2.4. Entities

An important SGML feature that we use extensively in our documentation is entities. Entity names appear in the text in this format: &word; For example, a line from the Cascade Connect manual looks like this:

The &cserve; program sends and receives ...

The &cserve; entity name is replaced at processing time by the text: Connect Server.

An entity can be a symbol, one or more words, or any chunk of SGML code, such as a paragraph, section, index, or even a whole book. As soon as the processor comes across an entity name, it resolves its definition and inserts the entire SGML code as if it were part of the original document. This is the core of single-source documentation. We can put an entity in several places to produce identical output in different contexts.

For more information about entities, see Chapter 2 of DocBook - The Definitive Guide.

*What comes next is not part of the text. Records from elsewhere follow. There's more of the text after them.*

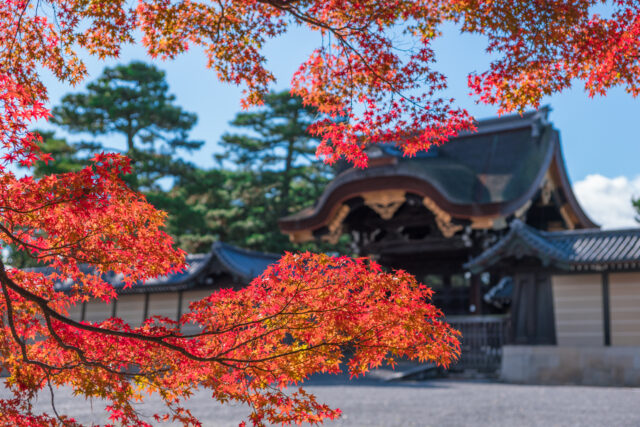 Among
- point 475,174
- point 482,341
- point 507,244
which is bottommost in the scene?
point 482,341

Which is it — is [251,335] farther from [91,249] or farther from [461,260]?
[461,260]

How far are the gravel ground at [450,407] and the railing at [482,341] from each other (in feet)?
10.5

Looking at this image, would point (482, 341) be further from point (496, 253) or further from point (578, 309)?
point (496, 253)

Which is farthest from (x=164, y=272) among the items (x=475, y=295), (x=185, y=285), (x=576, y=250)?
(x=185, y=285)

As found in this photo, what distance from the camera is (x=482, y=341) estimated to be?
13680 mm

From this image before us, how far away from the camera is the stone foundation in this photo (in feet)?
36.8

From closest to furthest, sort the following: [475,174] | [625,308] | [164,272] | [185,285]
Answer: [164,272], [625,308], [475,174], [185,285]

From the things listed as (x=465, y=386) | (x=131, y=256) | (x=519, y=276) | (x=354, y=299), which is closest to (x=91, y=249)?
(x=131, y=256)

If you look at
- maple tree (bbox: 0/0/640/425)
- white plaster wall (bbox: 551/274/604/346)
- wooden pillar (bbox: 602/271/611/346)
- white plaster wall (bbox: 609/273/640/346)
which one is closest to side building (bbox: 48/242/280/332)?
white plaster wall (bbox: 551/274/604/346)

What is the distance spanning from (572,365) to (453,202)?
410cm

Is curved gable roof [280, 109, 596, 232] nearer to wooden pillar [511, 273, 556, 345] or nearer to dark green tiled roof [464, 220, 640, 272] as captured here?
dark green tiled roof [464, 220, 640, 272]

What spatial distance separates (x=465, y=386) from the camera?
420 inches

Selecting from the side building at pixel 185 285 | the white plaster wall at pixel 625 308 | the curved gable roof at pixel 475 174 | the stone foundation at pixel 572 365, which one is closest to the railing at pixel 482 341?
the stone foundation at pixel 572 365

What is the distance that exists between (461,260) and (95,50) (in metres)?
13.0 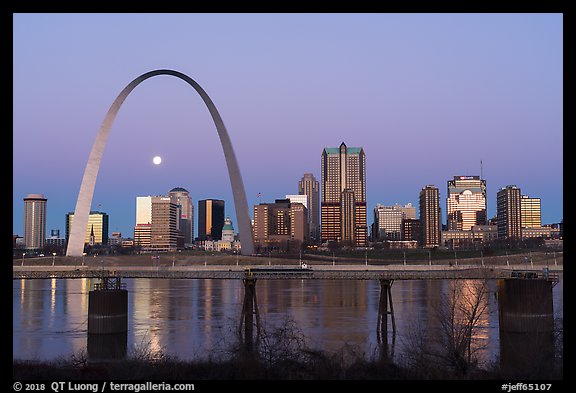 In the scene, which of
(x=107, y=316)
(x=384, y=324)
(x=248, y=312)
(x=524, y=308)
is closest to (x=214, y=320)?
(x=248, y=312)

2.4.1. Entity declarations

In general, we use three different kinds of entity declarations:

<entity entityname   "string">
<entity entityname   SYSTEM "filename">
<ENTITY % entityname SYSTEM "filename"> %entityname;

The first kind is called an internal entity, because its definition is written directly into the declaration. It is used to declare strings of individual words such as product names. The second kind is called an external entity because it refers to a different file than the document where the declaration is made. The word "SYSTEM" tells the SGML validator that the file can be found on our local system. The third kind of entity that uses a percent ( % ) sign is called a parameter entity. It has several purposes in SGML, but we mainly use it as an external entity that includes other entity files.

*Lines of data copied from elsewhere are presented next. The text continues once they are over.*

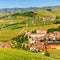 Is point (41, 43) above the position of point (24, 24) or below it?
above

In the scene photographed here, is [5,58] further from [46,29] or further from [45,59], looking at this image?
[46,29]

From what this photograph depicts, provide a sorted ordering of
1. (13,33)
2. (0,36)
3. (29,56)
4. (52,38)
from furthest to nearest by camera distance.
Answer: (13,33) → (0,36) → (52,38) → (29,56)

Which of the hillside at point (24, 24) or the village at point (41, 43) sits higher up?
the village at point (41, 43)

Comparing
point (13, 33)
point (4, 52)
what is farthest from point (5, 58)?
point (13, 33)

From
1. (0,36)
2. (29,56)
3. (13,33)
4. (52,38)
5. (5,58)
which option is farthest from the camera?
(13,33)

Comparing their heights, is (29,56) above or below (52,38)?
above

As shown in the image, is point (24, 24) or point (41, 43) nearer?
point (41, 43)

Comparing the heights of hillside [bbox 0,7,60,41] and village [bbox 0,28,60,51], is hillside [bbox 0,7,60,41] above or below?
below

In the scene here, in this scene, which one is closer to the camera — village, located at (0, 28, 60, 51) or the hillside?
village, located at (0, 28, 60, 51)

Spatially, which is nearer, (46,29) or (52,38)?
(52,38)

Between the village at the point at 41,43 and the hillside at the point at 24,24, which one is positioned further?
the hillside at the point at 24,24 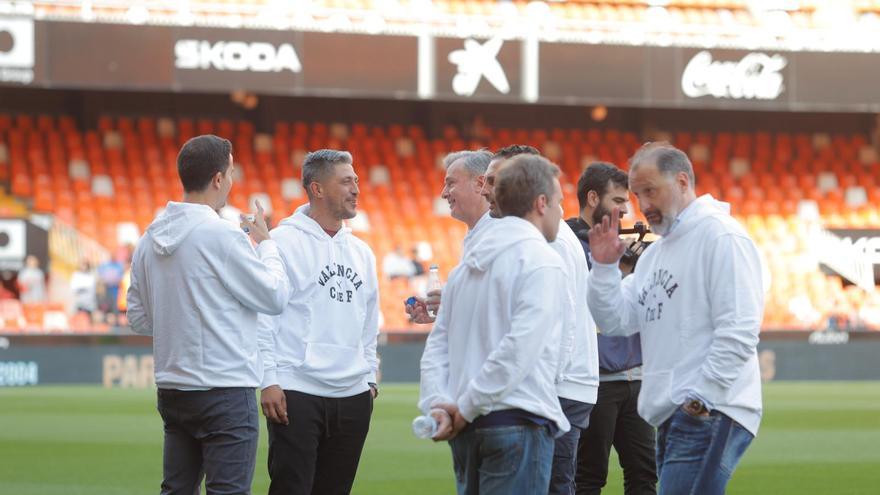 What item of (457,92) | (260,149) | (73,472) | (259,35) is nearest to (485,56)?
(457,92)

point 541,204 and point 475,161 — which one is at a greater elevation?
point 475,161

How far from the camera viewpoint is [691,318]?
15.8 ft

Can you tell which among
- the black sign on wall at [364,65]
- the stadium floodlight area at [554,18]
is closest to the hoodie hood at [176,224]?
the stadium floodlight area at [554,18]

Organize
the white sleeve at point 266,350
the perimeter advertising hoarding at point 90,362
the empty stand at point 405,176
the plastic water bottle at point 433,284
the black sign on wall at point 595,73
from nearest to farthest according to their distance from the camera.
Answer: the white sleeve at point 266,350 < the plastic water bottle at point 433,284 < the perimeter advertising hoarding at point 90,362 < the black sign on wall at point 595,73 < the empty stand at point 405,176

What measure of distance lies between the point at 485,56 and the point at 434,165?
4332mm

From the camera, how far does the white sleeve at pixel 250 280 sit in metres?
5.23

Entity declarations are are written between square brackets ( [ and ] ) in the document type definition, the first part of the document. For example, the SGML source code for this document looks like this:

<!DOCTYPE book PUBLIC "-//OASIS//DTD DocBook V4.1//EN" [

<!ENTITY % commonentities SYSTEM "../../i/common/entities.sgml"> %commonentities;

<!entity prepdocmanual    SYSTEM "../../i/prepdoc/pd_man.sgml">
<!entity index            SYSTEM "indexDocumentationManual.sgml">



There are three entity declarations here, one parameter entity, and two external entities. All of them are SYSTEM entities.

The %commonentities parameter entity calls the doc/i/common/entities.sgml file, which holds entities for text that are common to all of our books (see the Entity declaration files appendix).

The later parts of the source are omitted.